About all of this I may someday write at greater length. But for now — with the short time allotted to us this evening — I’ll close this presentation with a couple of poems addressed to David as both a nondreamer and a dreamer, and will let it go at that.
[Reads from “Seneca Journal: The Dreamers” and two sections from “The Mysteries of Mind Laid Bare in Talking,” as follows:]

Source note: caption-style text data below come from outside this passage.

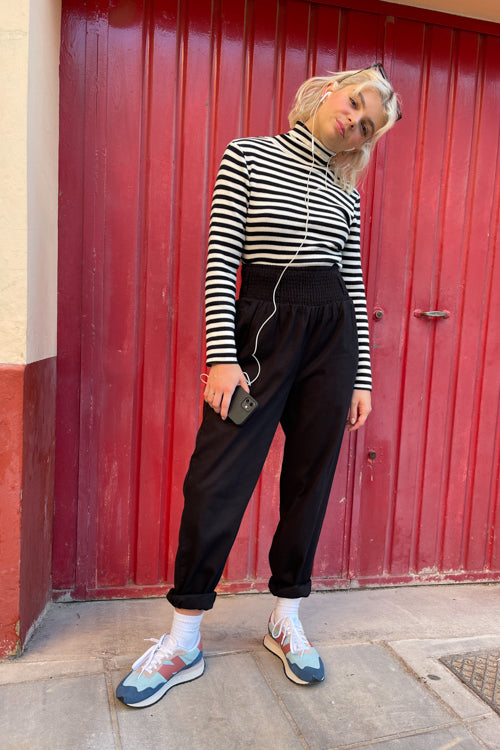 Alexa Trousers: RECYCLED COTTON - Black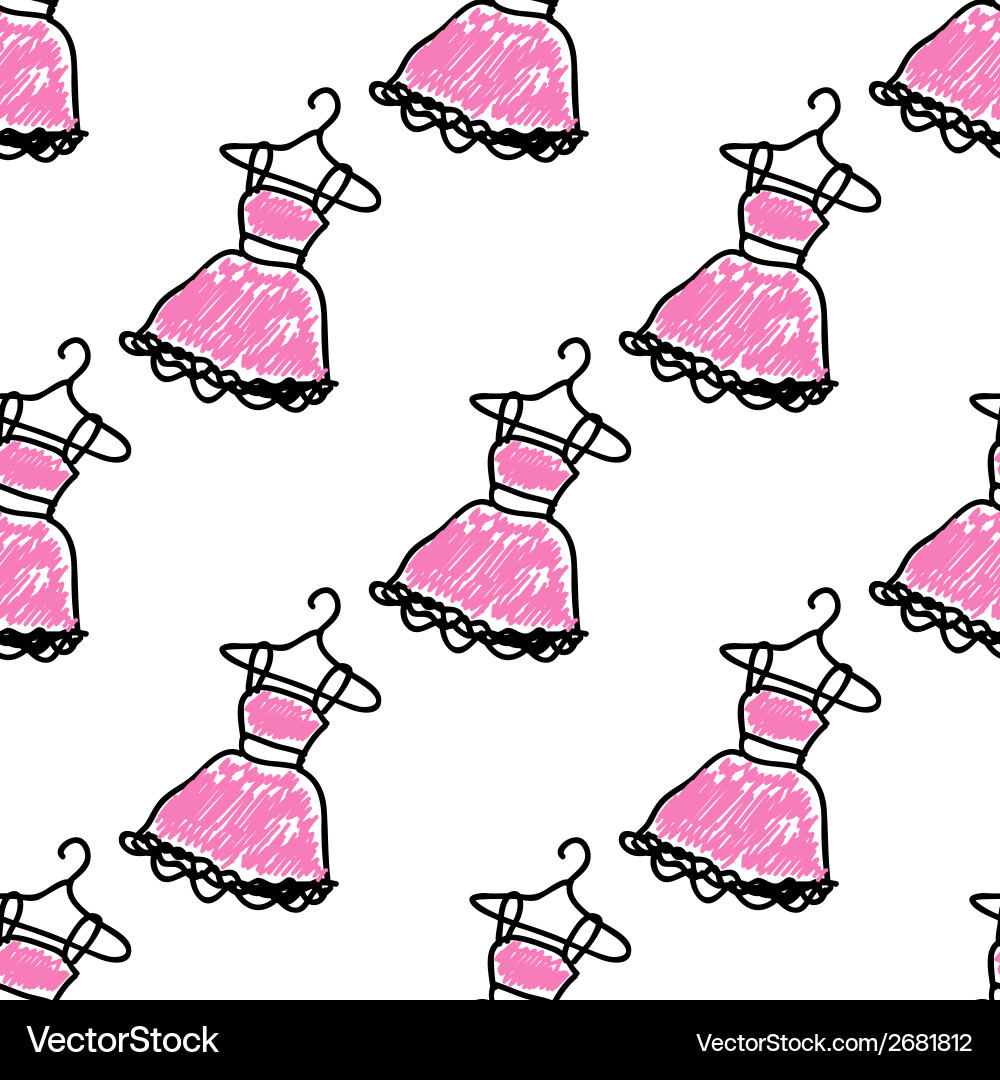 Seamless pattern with doodle dresses Royalty Free Vector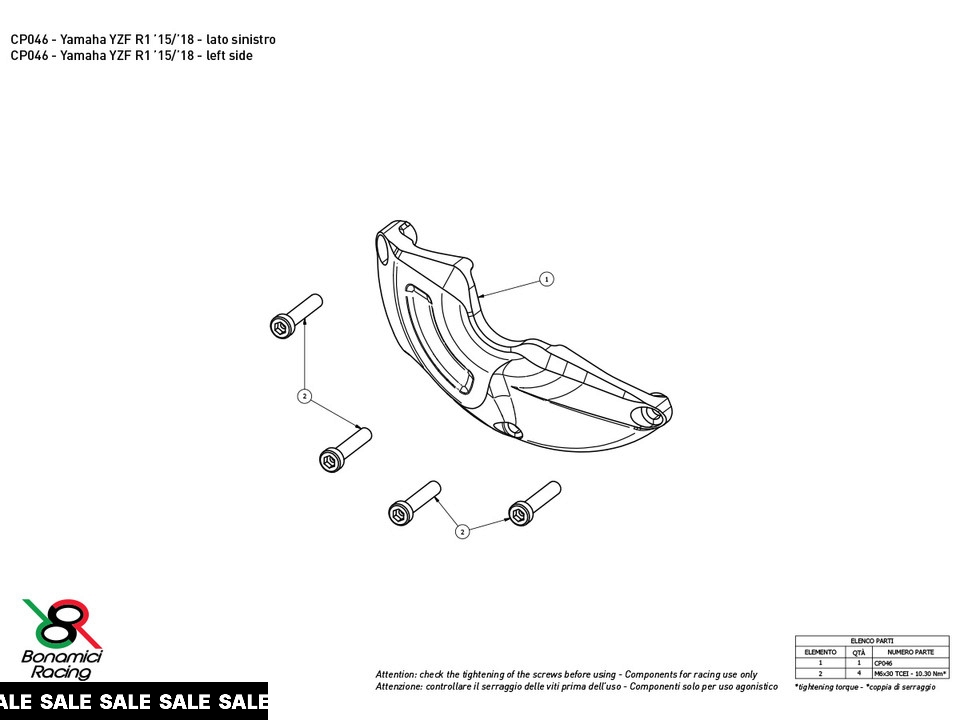Bonamici Yamaha R1 Case Savers (2015+) (3-Piece Kit)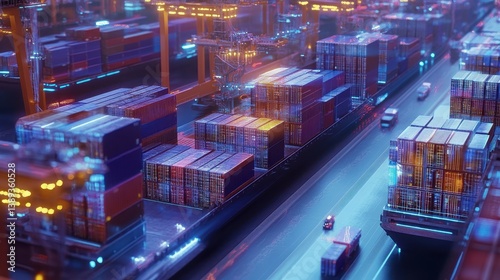 Digital rendering of a busy cargo shipping and transportation hub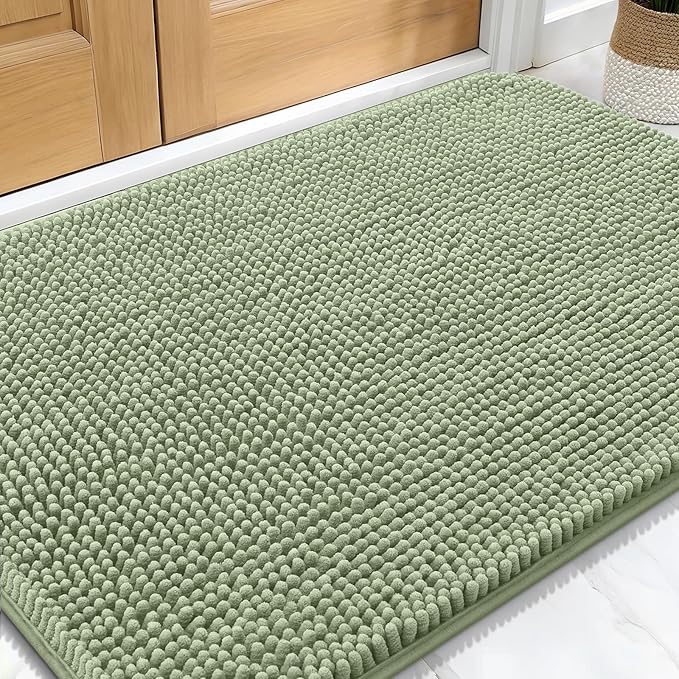 OLANLY Dog Door Mat for Muddy Paws 30x20, Absorbs Moisture and Dirt, Absorbent Non-Slip Washable Doormat, Quick Dry Chenille Mud Mat for Dogs, Entry Indoor Entryway Carpet for Inside Floor, Sage Green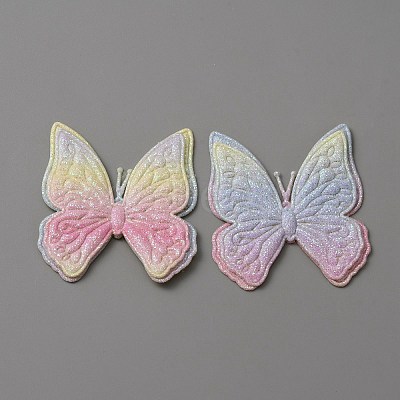 Butterfly Shape Cloth Sew on Patches Applique DIY-WH0032-89C-1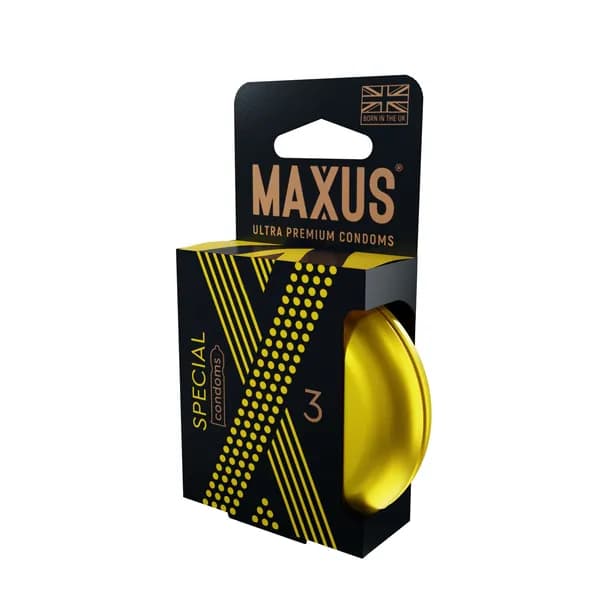 MAXUS Special Презервативы с точками и рёбрами в железном кейсе - 3 шт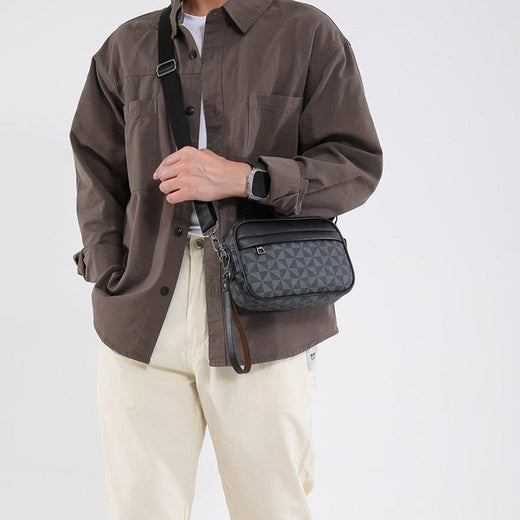 Casual Lightweight Business Shoulder Bags for Men PU Leather Messenger Bag Comfortable Wide Strap Crossbody Bags Designer Male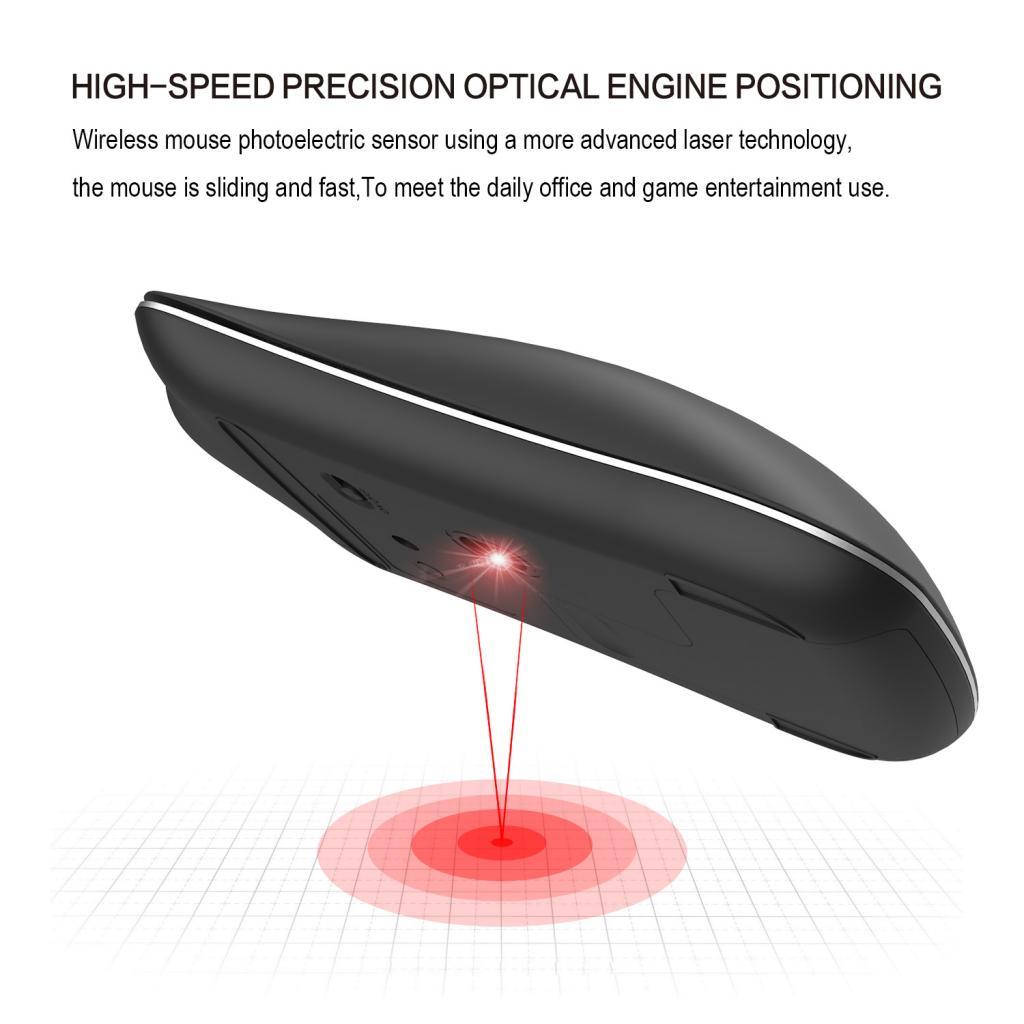 2.4G Rechargeable Wireless Mouse W/ USB Receiver Fashion Metal Office Mice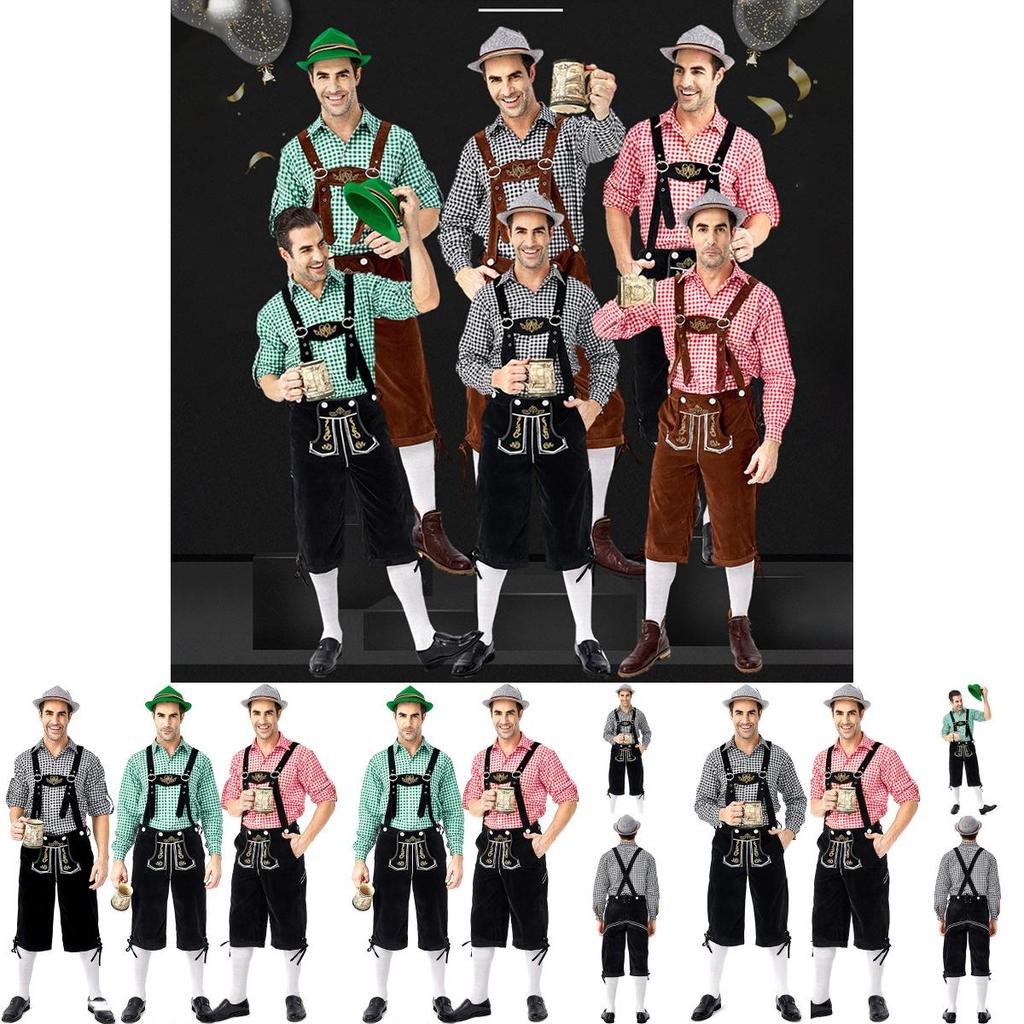 German Traditional Oktoberfest Clothing Stage Costume For Men With Stylish Plaid Shirt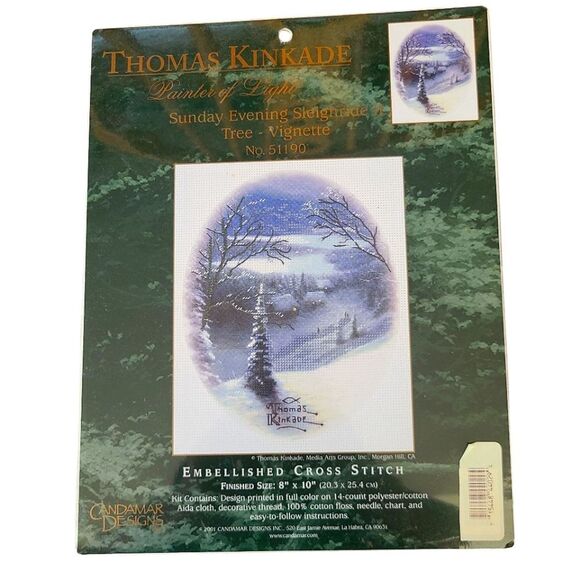 Vintage Candamar Designs Thomas Kinkade Cross Stitch Kit, Sealed - Picture 1 of 2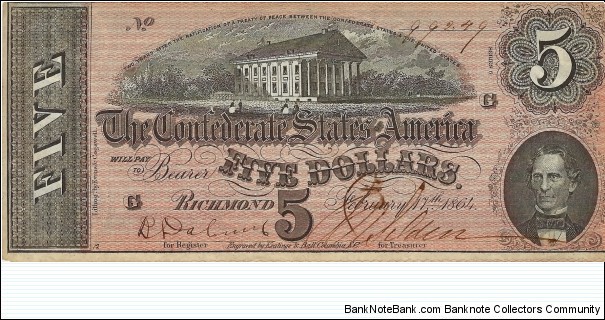 CONFEDERATE STATES OF AMERICA 5 Dollars 1864 Banknote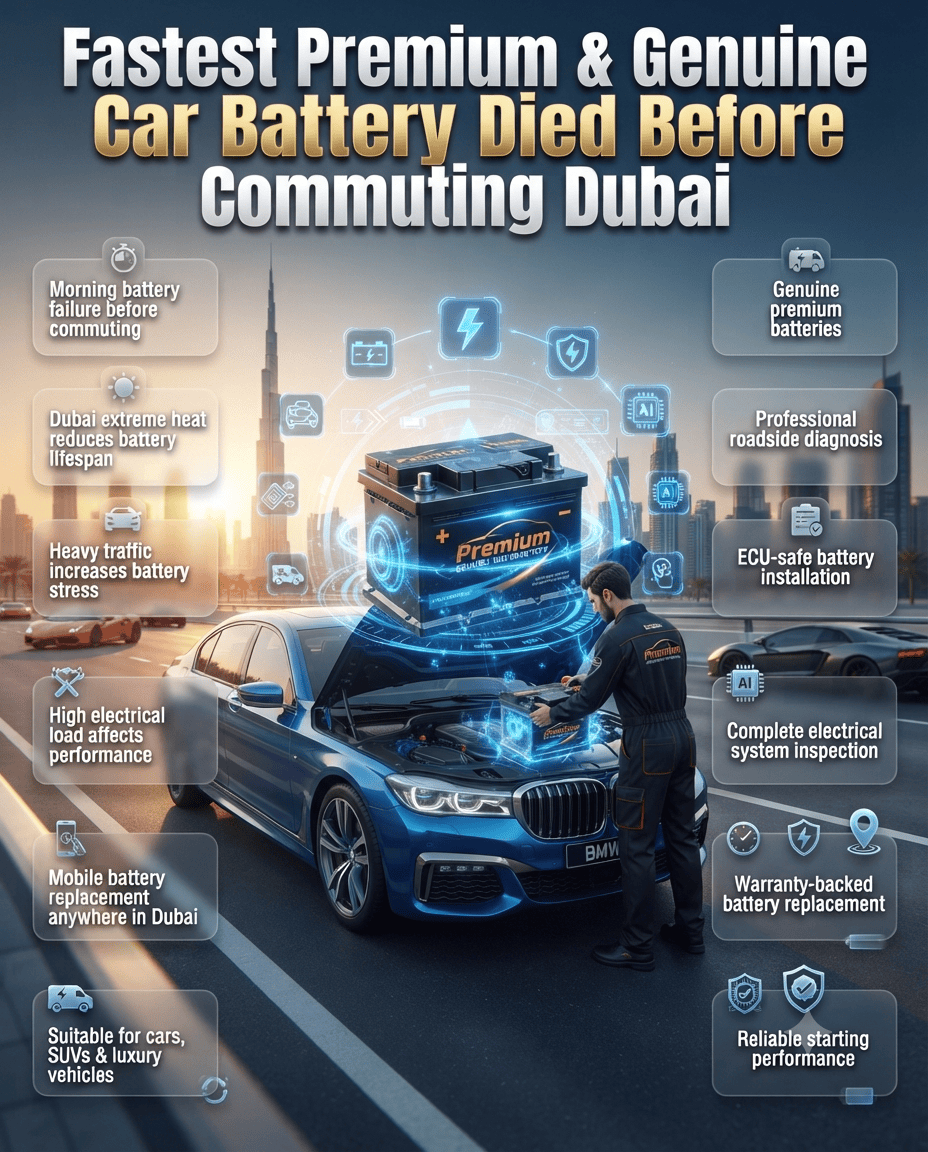 Fastest Premium & Genuine Car Battery Died Before Commuting Dubai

from Seneca Journal 7: “The Dreamers” (1972)
that couple sitting
in splendor of old houses
Albert Jones & his wife Geneva
were old before my time
he was the last of the Seneca diviners
died 1968
the year we first stayed in Salamanca
with the power to know dreams
“their single divinity” wrote Fremin (S.J.) 1650
as we say “divine”
the deva in us
like a devil
or a divus (deus)
when these old woods were rich with gods
people called powers
they would appear in words
our language hides them
even now
the action of the poem brings them to light
dear David
not in the business man’s
imagination
but asking
“who is Beaver?”
forces them out of the one mind
in mything
mouthing the grains of language
as David that sounds like deva
means beloved
thus every Indian once had a name
from “The Mysteries of Mind Laid Bare on Talking” (2017)
4
who does not dream
dreams deeper
by not dreaming
until the door
swings open
draws you to
sleep within
what forms
assailing us
the scattered dreamers
curtains closing
on our eyes
in frantic bursts
lights streaming
take the shape
of birds & stars
outlyers
move across the sky
the eye in love
with tentacles
in mauve & amber
the new year
underway
without you
then the rest
is dream
whether the images
arise or not
the screen goes blank
foretold by you
the dreamer
here is the death
we feared
infinite space
to every side
absent all light
5
After Wang Wei
O my friends! there is no friend.
at Weiching
morning rain
the fine dust damped
a guest house
green among
green willows
urge a friend
to drink a final
glass of wine
west of Yang Pass
there is
no friend
6
except the memory
the loss a dream
that will not stick
but comes & goes
as if we hadn’t
dreamed it
for which I name you
poet of the dream
in whose denial
dreams come forth
the word “desire”
foremost
pleasures first
a place as large
as Prospect Park
where others
feast & bathe
some sleeping
& the dreamer
kicks his shoes off
wades into a pool
the north branch of
an old estate
its master far away
then goes from room
to room in search
of shoes as prelude
to a silent movie
buried like his life
too deep for tears
for which the word
the woman
throws at him
is hog (he says)
not out of shame
or fecklessness
but turning
subject into object
echoing the master’s
words the world
is everything
that is the case
waking & dreaming
much the same
13.i.2017
[NOTE. The dream covered lightly in the final section, above, is from David Antin’s “On Narrative: The Beggar and the King,” published previously (2010) in Poems and Poetics. The full poem as it appears here was published February 1, 2017 on what would have been his eighty-fifth birthday.]